I was also checking out their prayer pages for Iran and Israel. Iran seems like a country that would have a lot of potential for change if the religious leaders were to lose some power, but I suppose that would require a curtailment of their oil revenue. In general, the years of religious rule have made things worse than they were under the Shah and so Islam seems to have lost some of its luster in many people’s eyes. In Israel, there likewise is a need to find a way to undermine the disproportionate political influence exerted by the ultraorthodox Jews who censor the rights of reform/conservative/messianic Jews to reach out to the largely secular/humanistic Jewish population of Israel. I think that if there is a way the UN could pressure Israel into changing its voting system into a hybrid between its current proportonal system(like what Britain has) and the US’s majority-rules system that this would reduce the political sway of ultra-orthodox Judaism, which would help the peace process and open up Israel more for the sharing of the gospel. The more I read about ultra-orthodox Judaism, the less I like it. I think it would definitely improve Christian witness to other Jewish groups if we helped to trim their collective political influence as a group.
In my recent studies, I’ve often seen how political change (or the lack of needed changes) has seriously helped or hurt the spread of Christianity. The Swedish Baptists initially were much aligned with the Swedish Unionist movement. It probably was necessary to support political and economic change to clear the way for religious change and freedom in Sweden. This is because the state church was an arm of the state. Universal membership in the church was considered the basis for nat’l unity and identical with citizenship. However, at one point the Swedish Baptists stopped getting involved with politics altogether and the Swedish Unionist movement went on to become the ruling aggressively secular Social Democrat party.
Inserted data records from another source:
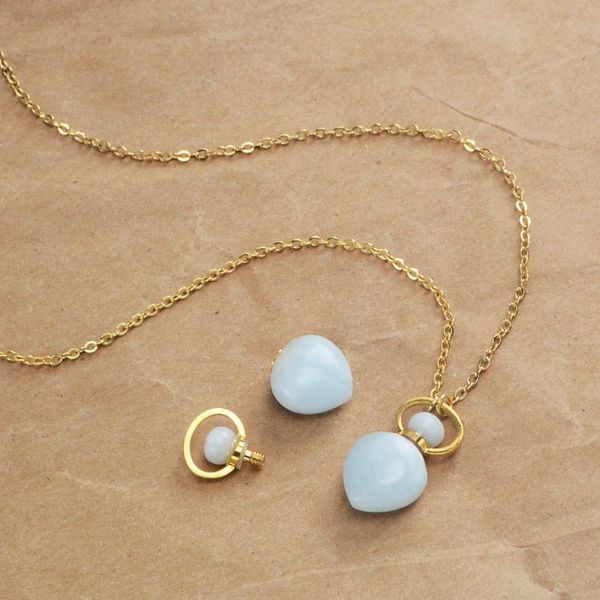 

pendant necklaces 5pcs gold natural aquamarines perfume bottle diffuser necklace essential oil healing gems stone, Silver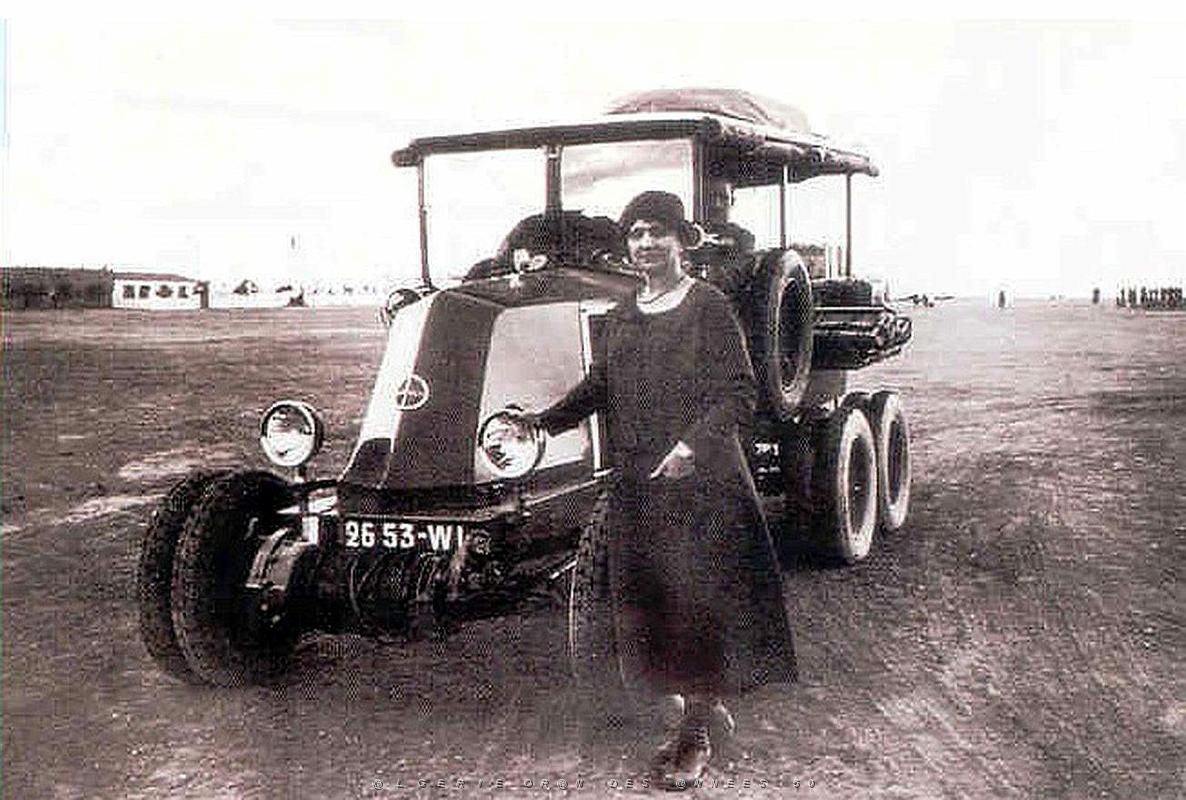 ALGERIE SAHARA 1923 A 29 EN RENAULT 6 ROUES (48).jpg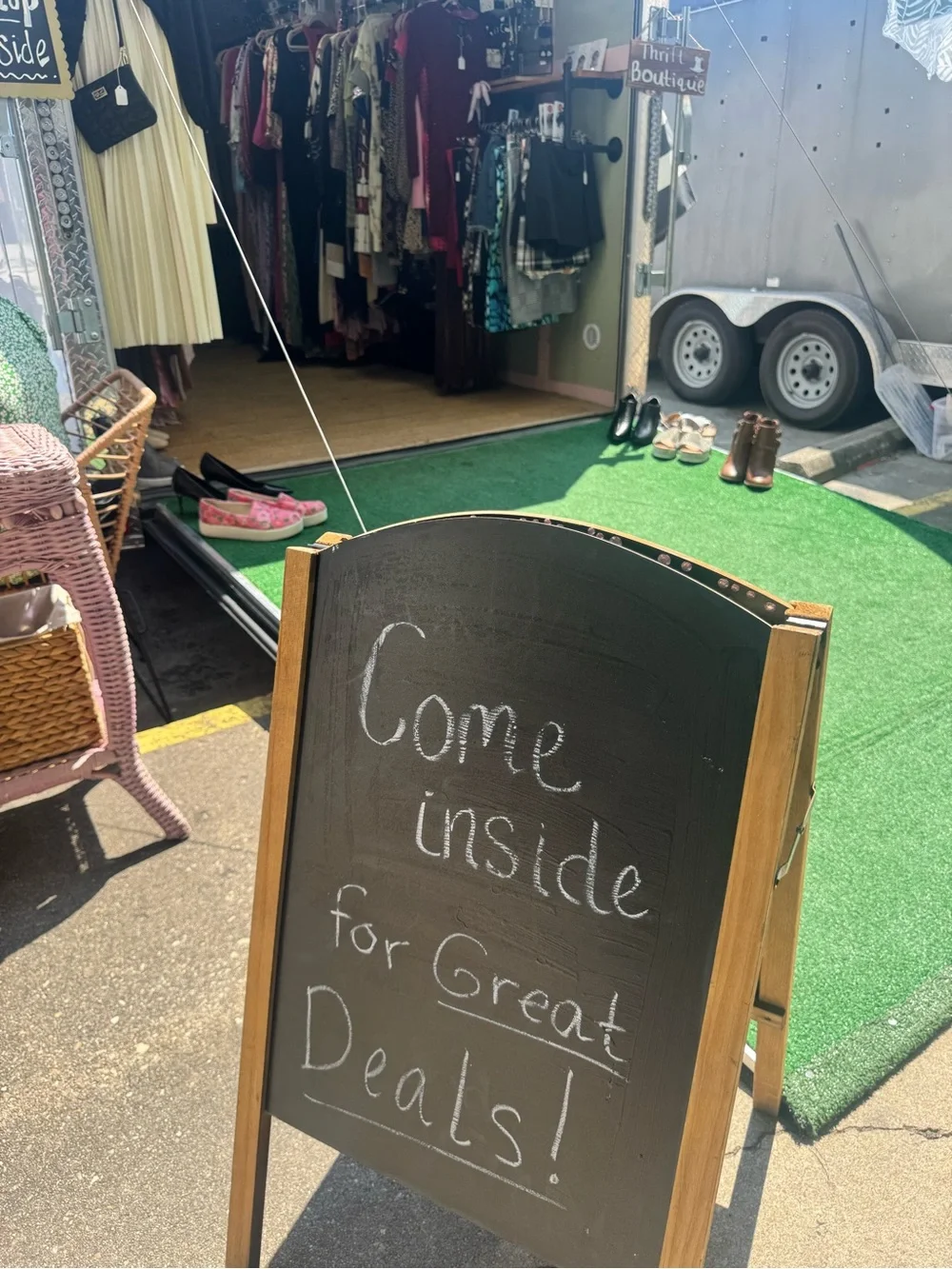 Vendor boutique thrift trailer business w/ inventory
Now the Baptists are a small minority in Sweden. They are seriously confronted by the pervasive secularism and paganism in their country. One can only ponder how history might have turned out differently if they had remained involved in politics.
Anyways, I’m thankful that there are young Christians like Michael who has committed to assisting and learning from George Verwer of Operation Mobilization. I met Verwer and Kaspar when I was in Sweden and reviewed a dvd/speech by Verwer on the Seven Global Scourges. I was impressed by Verwer’s willingness to learn and adapt in his ministry, including caring about human rights along with more traditional forms of ministry in the 2/3rds world. He didn’t have to speak of authentic or inauthentic teloses with complicated reformed political theology like James K.A. Smith does. He bases his concern and willingness to deal with supporting some political reforms on the simple need for Christians to love their neighbors as described by Jesus in his parable of the good Samaritan.